Information provided |
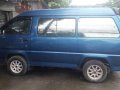 Toyota Lite Ace 1990 MT Blue Van For Sale -4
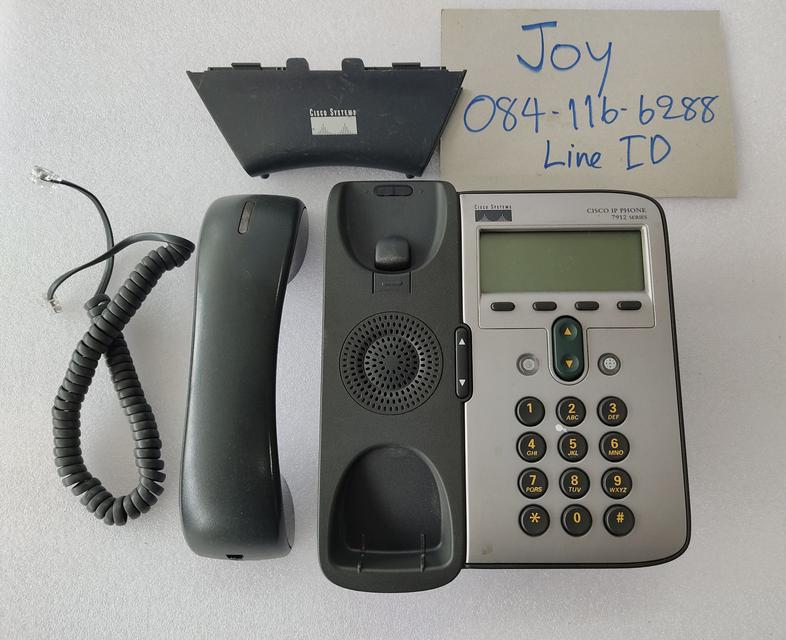 Cisco CP-7912G IP Phone มือสอง ทดสอบแล้ว ประกัน 1 ปี จากผู้ขาย 3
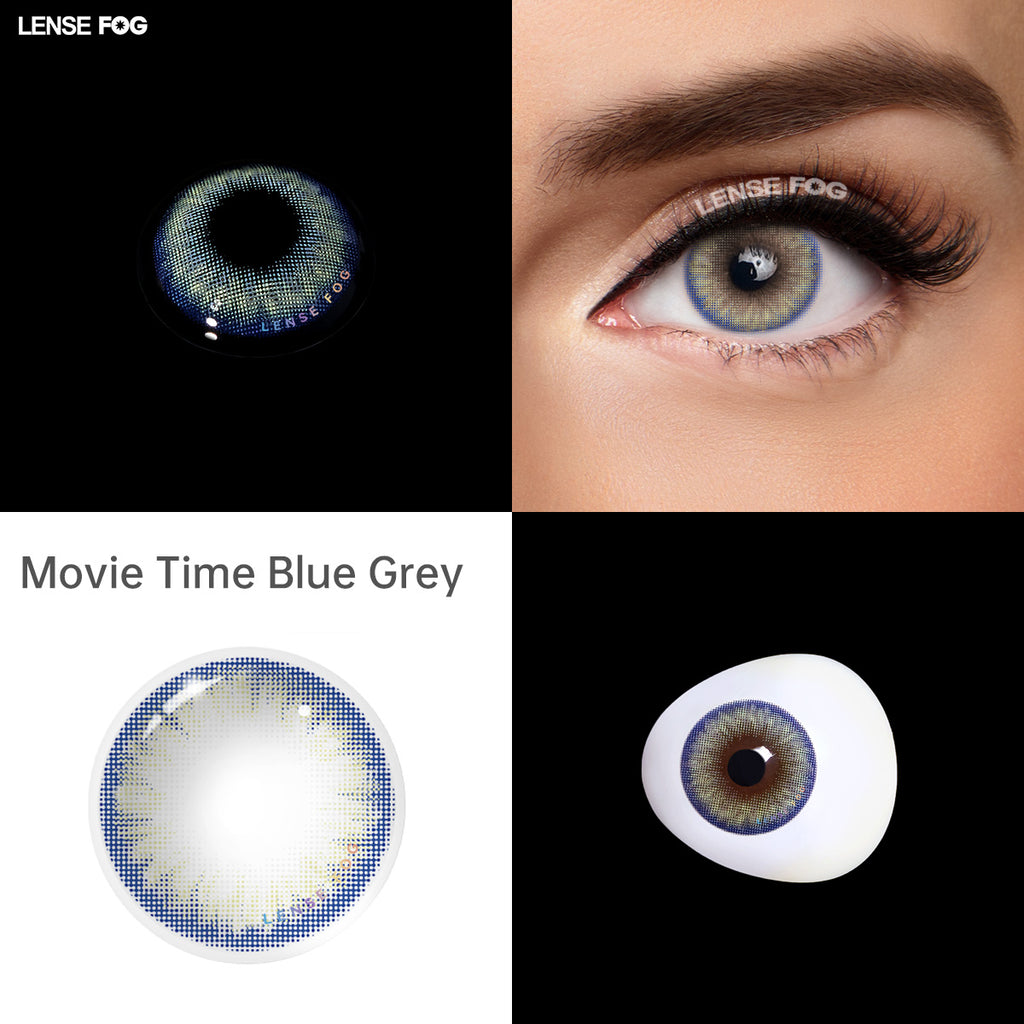 Movie Time Blue Grey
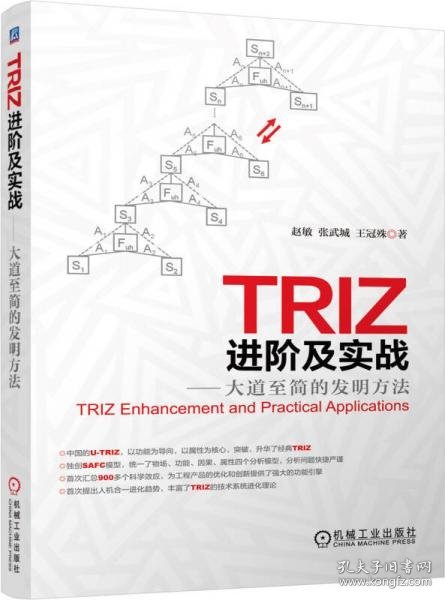 TRIZ进阶及实战：大道至简的发明方法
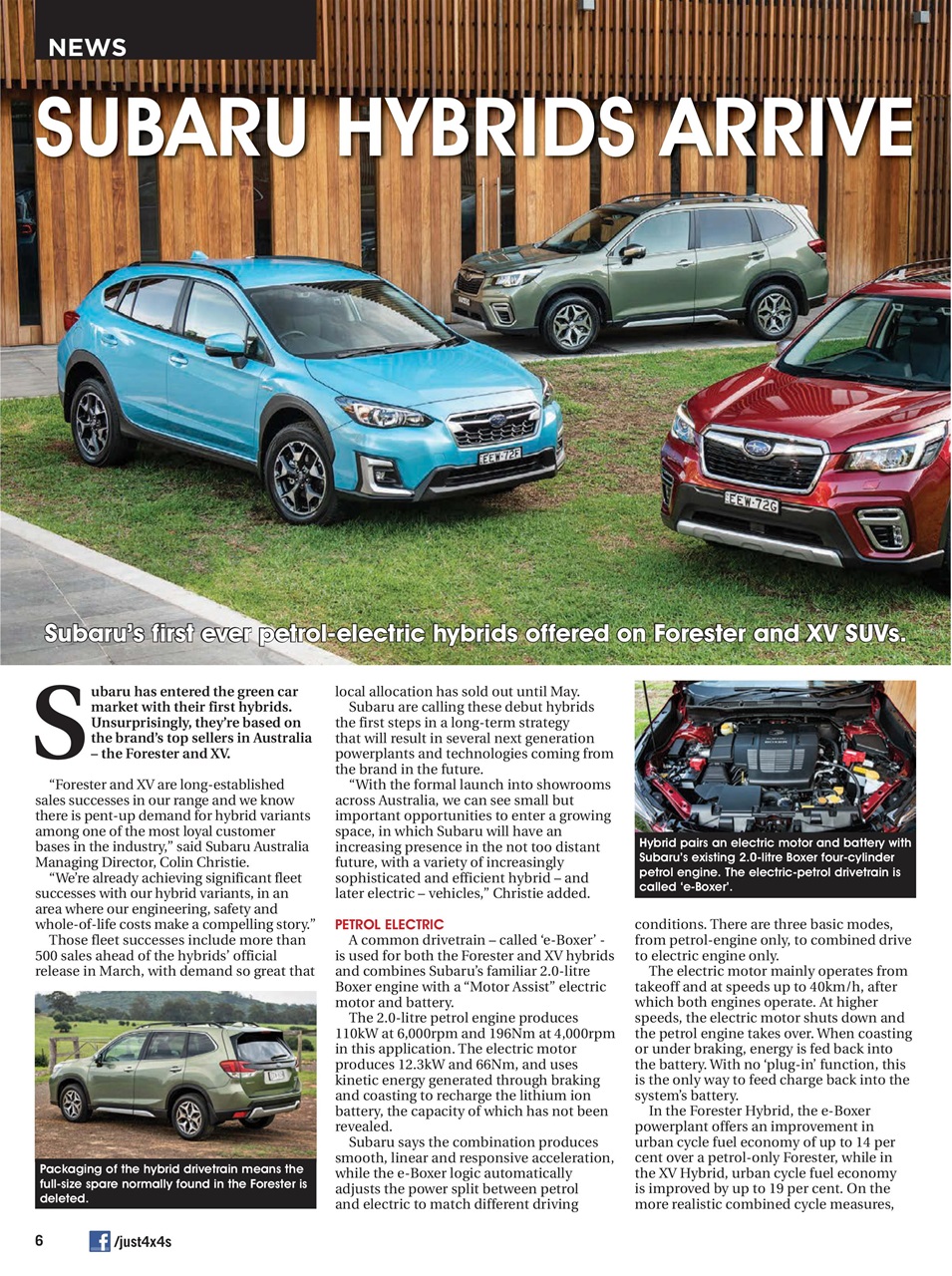 JUST 4X4S Preview Pages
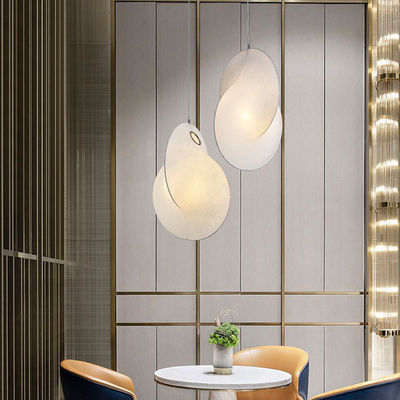 Italian style silk Lamp living room lamp personality Pendant Light room exhibition hall Suspension Lamp(WH-AP-201)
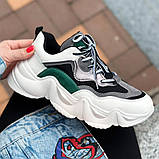 Комфортні кросівки з об’ємною підошвою для сучасних образів, фото 3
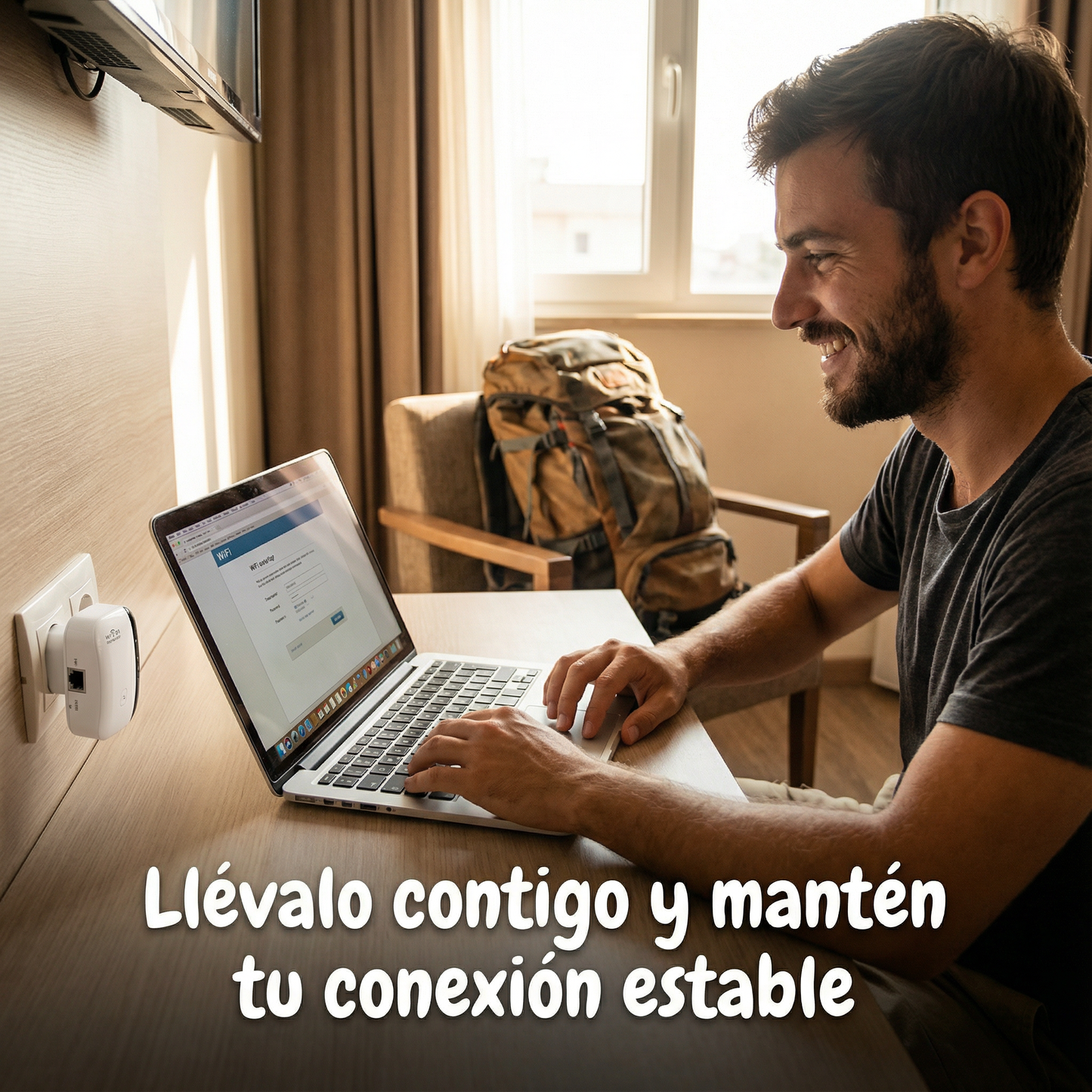 Repetidor de Wi-Fi 300mbps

Your instructions |
Write out again exactly the lines from the start of the data above through the line containing "Italian style silk", inclusive, excluding any pictures.

Task solution |
 Toyota Lite Ace 1990 MT Blue Van For Sale -4
 Cisco CP-7912G IP Phone มือสอง ทดสอบแล้ว ประกัน 1 ปี จากผู้ขาย 3
 Movie Time Blue Grey
 TRIZ进阶及实战：大道至简的发明方法
 JUST 4X4S Preview Pages
 Italian style silk Lamp living room lamp personality Pendant Light room exhibition hall Suspension Lamp(WH-AP-201)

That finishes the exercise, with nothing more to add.